The Republican primary for council president also was affected when Roxcelanna D. Redmond was disqualified. That left Anthony D. Cobb as the lone GOP candidate for the post.

Redmond, 40, was disqualified after being convicted June 19 of assaulting a former boyfriend and harassing him with letters and telephone calls.

Della's decision not to go through with his candidacy came just 10 days after he announced his intention to challenge Clarke.

"I'm history," Della said yesterday. He said he talked with family members over the weekend and decided that "sometimes family has to come first, and this is one of those times."

State Sen. American Joe Miedusiewski, D-City, said he was disappointed that Della dropped out. "He would have clearly brought up some issues related to [Clarke's] job to the forefront," he said. "But at least we shook her up for a few days."

Sources said Della decided to drop out after going to major politicos in the city and finding them committed to Clarke or unwilling to get involved in the race for council president.

"Some of the politicians George had counted on told him that it was better to let the status quo prevail on this one," said one source.

Della said lack of support was not the reason he pulled out. "I was contacted by a heck of a lot of people from all over the city willing to lend a hand in my campaign," he said.

"I feel if I had stayed in the race, I would have either been successful or at least would have raised issues that Mary Pat Clarke would have to address."

For her part, Clarke said Della would have been a worthy opponent, "but I understand his reasons for withdrawing and I honor those reasons."

Asked if Della's withdrawal was an indication that support was lacking for his candidacy, Clarke said, "We've been too busy putting our own campaign together to do any surmising on what his prospects were.

"I've already told my people that his withdrawal will not change one item on our campaign schedule, which is made up right through Election Day."

Della said he hoped that with Napata in the race "he can carry on and do the things I would have liked to do had I stayed in."

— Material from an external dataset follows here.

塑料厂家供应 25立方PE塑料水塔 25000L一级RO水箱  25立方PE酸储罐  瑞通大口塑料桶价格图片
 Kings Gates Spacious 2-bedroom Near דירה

Napata, a longtime civic activist, switched from the mayoral race to a run for council president just before the July 5 filing deadline.

Clarke won 29 percent of the black vote in her successful race in 1987 and could pull even more black votes this time, observers say.

Other candidates to drop out of the primary were 1st District council candidates John Horn and Robert Parsons, both Republicans, and Raymond Dypski, a Democrat and former delegate.

In the 2nd District, Democrat Gertrude C. Bartel dropped out of the council race. Democrat Timothy J. O'Malley dropped from the 6th District council race.